START Source data

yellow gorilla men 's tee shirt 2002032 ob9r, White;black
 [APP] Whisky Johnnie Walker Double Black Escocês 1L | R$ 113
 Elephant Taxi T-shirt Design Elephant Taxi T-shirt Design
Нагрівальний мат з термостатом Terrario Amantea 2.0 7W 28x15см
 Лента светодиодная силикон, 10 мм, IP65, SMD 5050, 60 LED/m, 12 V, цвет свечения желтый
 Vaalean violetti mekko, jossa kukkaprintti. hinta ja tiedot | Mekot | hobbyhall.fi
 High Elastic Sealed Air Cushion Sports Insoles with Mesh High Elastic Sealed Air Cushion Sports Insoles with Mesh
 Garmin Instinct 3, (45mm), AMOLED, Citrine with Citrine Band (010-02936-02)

END Source data

*Requirement*. Among the lines above, which hold the word "shirt"? Report each one.

*Answer section*.
yellow gorilla men 's tee shirt 2002032 ob9r, White;black
 Elephant Taxi T-shirt Design Elephant Taxi T-shirt Design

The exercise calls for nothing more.